● **Data listing**
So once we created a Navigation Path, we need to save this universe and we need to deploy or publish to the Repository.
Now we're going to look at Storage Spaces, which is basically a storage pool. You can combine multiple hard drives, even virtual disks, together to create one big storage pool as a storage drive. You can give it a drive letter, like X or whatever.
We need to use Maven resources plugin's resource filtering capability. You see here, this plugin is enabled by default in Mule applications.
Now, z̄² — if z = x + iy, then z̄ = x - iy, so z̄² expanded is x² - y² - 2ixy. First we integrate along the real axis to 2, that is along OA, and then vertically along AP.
...
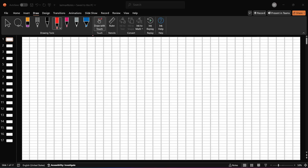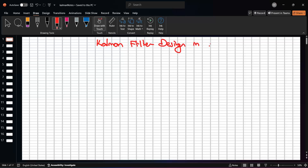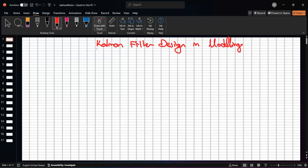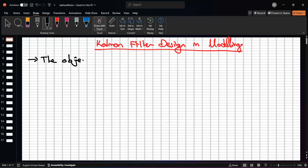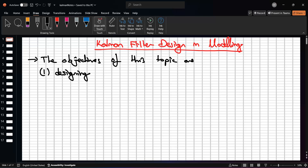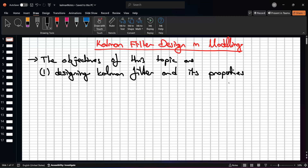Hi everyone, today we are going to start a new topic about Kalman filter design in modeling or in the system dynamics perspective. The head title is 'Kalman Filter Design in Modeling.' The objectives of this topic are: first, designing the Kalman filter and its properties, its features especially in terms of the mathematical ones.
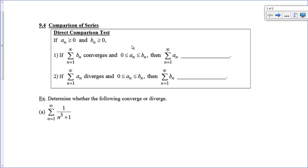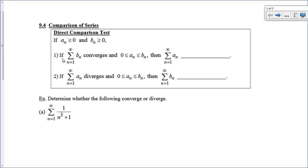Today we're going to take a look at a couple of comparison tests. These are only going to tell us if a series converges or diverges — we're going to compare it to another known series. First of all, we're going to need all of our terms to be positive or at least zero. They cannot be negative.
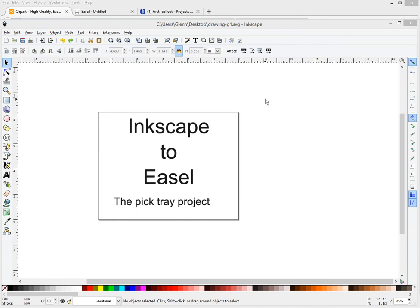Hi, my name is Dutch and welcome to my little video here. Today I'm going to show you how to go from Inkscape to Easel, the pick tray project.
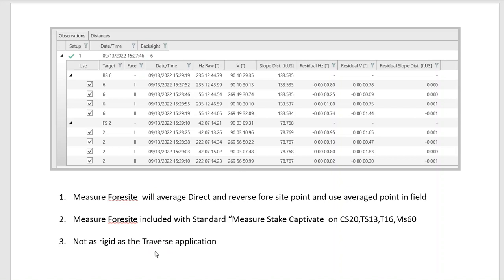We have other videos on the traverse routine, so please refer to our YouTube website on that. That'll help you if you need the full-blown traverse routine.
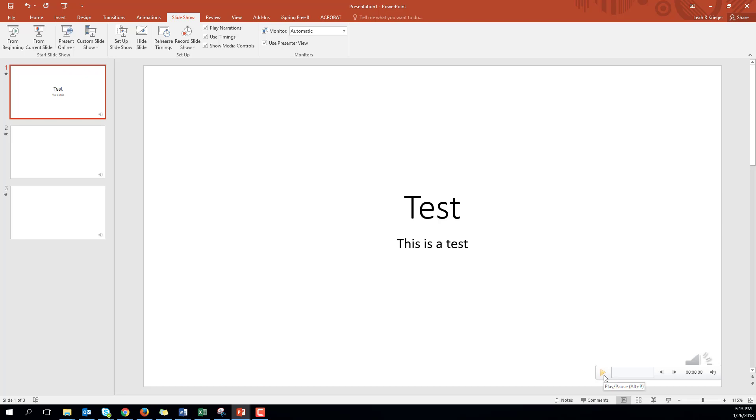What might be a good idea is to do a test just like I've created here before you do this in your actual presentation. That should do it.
==
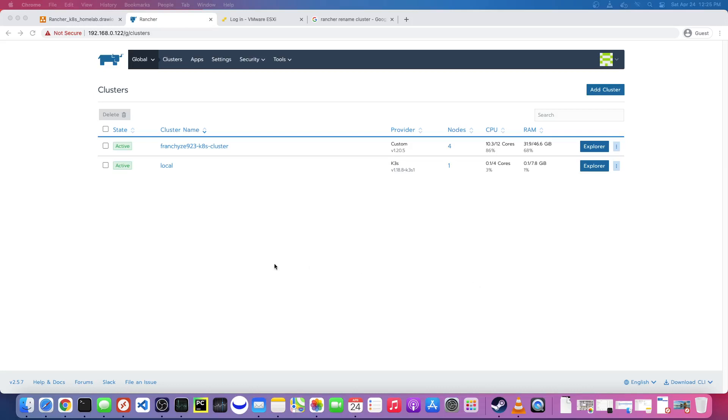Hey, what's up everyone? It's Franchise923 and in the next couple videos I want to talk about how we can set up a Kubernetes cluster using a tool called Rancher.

● **What is expected**
Give the lines above again exactly, from the one containing "We have other" to the one containing "What might be", both included, but leave out the pictures.

● **Finished task**
We have other videos on the traverse routine, so please refer to our YouTube website on that. That'll help you if you need the full-blown traverse routine.
What might be a good idea is to do a test just like I've created here before you do this in your actual presentation. That should do it.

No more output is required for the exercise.